Consider gravity on Earth. It seems to work every year. However, this fact alone is consistent with theories that gravity will stop working in 2025, 2026, 2027, 2028, 2029, 2030, etc. There are infinite such theories, and only one theory states that gravity will work as an absolute rule.

It is true that we might infer from the simplest explanation that gravity holds as an absolute rule. However, the case is different with alignment. To ensure AI alignment, we must rule out whether an AI is following a misaligned rule compared to an aligned rule based on time-and-situation-limited data.

While it may be safe, for all practical purposes, to assume that simpler explanations tend to be correct when it comes to nature, we cannot safely assume this for LLMs—for the reason that the learning algorithms that are programmed into them can have complex unintended consequences for how the LLM will behave in the future, given the changing conditions an LLM finds itself in.

Doesn't this mean that it is impossible to achieve AI alignment even theoretically?

New Answer
New Comment

1 Answers sorted by

Seth Herd

3-7

In the limit, yes, permanent alignment is impossible.

Anything permanent is probably technically impossible for the same reason.

Anything that can happen will eventually happen. That includes a godlike intelligence just screwing up and accidentally getting its goals changed even though it really wants not to change its goals.

But that could take much, much longer than the heat death of this universe as we currently understand it.

It's not a concern with alignment, it's a concern possibly in some billions of years.

1 comment, sorted by Click to highlight new comments since:

Although the argument you outline might be an argument against ever fully trusting tests (usually called "evals" on this site) that this or that AI is aligned, alignment researchers have other tools in their toolbox besides running tests or evals.

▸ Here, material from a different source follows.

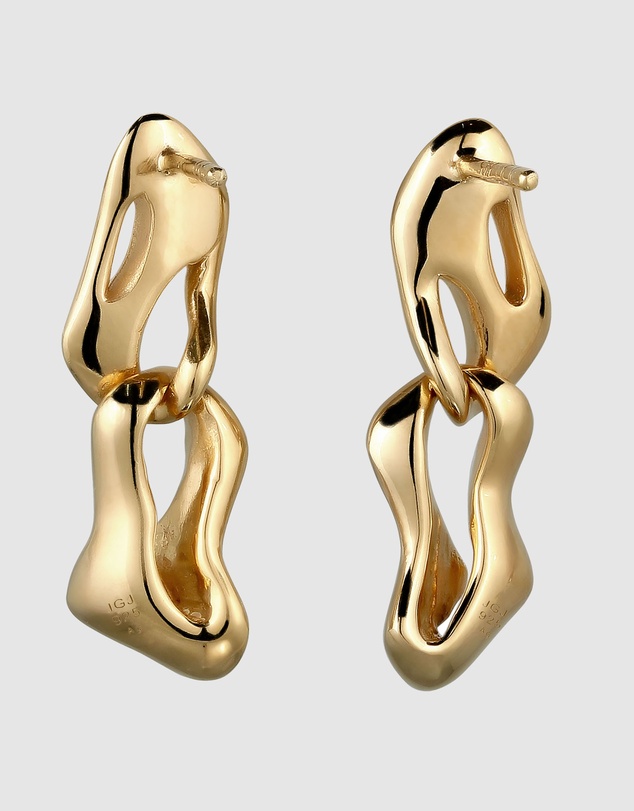 Elli Jewelry - Sculptural Melted Drop Earrings in Gold-Plated 925 Silver
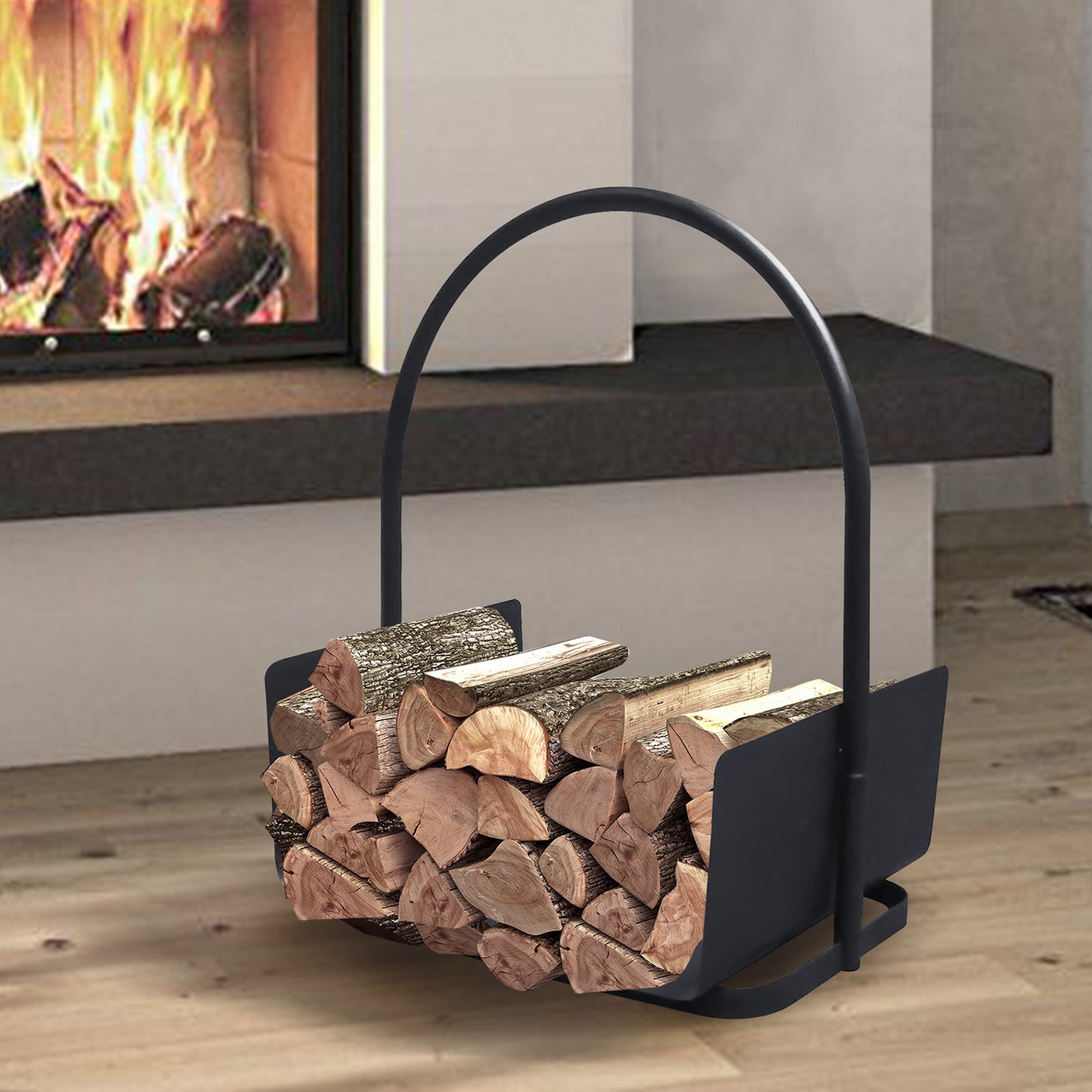 JP OUTDOOR 14.7''L x 11.8''W x 19.4''H Firewood Log Baskets, Indoor Outdoor Portable Log Storage Rack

It would take a long time to explain these tools, particularly to someone unfamiliar with software development or a related field like digital-electronics design. People make careers in studying tools to make reliable software systems (and reliable digital designs).

The space shuttle is steered by changing the direction in which the rocket nozzles point relative to the entire shuttle. If at any point in flight, one of the rocket nozzles had pointed in a direction a few degrees different from the one it should point in, the shuttle would have been lost and all aboard would have died. The pointing or aiming of these rocket nozzles is under software control. How did the programmers at NASA make this software reliable? Not merely through testing!

These programmers at NASA relied on their usual tools (basically engineering-change-order culture) and did not need a more advanced tool called "formal verification", which Intel turned to to make sure their microprocessors did not have any flaw necessitating another expensive recall after they spent 475 million dollars in 1994 in a famous product recall to fix the so-called Pentium FDIV bug.

Note that FDIV refers to division of (floating-point) numbers and that it is not possible in one human lifetime to test all possible dividends and divisors to ensure that a divider circuit is operating correctly. I.e., the "impossible even theoretically" argument you outline would have predicted that it is impossible to ensure the correct operation of even something as simple as a divider implemented in silicon, and yet Intel has during the 30 years since the 1994 recall avoided another major recall of any of their microprocessors for reasons of a mistake in their digital design.

"Memory allocation" errors (e.g., use-after-free errors) are an important source of bugs and security vulnerabilities in software, and testing has for decades been an important way to find and eliminate these errors (Valgrind probably being the most well-known framework for doing the testing) but the celebrated new programming language Rust completely eliminates the need for testing for this class of programming errors. Rust replaces testing with a more reliable methodology making use of a tool called a "borrow checker". I am not asserting that a borrow checker will help people create an aligned super-intelligence: I am merely pointing at Rust and its borrow checker as an example of a methodology that is superior to testing for ensuring some desirable property (e.g., the absence of use-after-free errors that an attacker might be able to exploit) of a complex software artifact.

In summary, aligning a superhuman AI is humanly possible given sufficiently careful and talented people. The argument for stopping frontier AI research (or pausing it for 100 years) depends on considerations other than the "impossible even theoretically" argument you outline.

Methodologies that are superior to testing take time to develop. For example, the need for a better methodology to prevent "memory allocation" errors was recognized in the 1970s. Rust and its borrow checker are the result of a line of investigation inspired by a seminal paper published in 1987. But Rust has become a realistic option for most programming projects only within the last 10 years or less. And an alignment methodology that continue to be reliable even when the AI becomes super-humanly capable is a much taller order than a methodology to prevent use-after-free errors and related memory-allocation errors.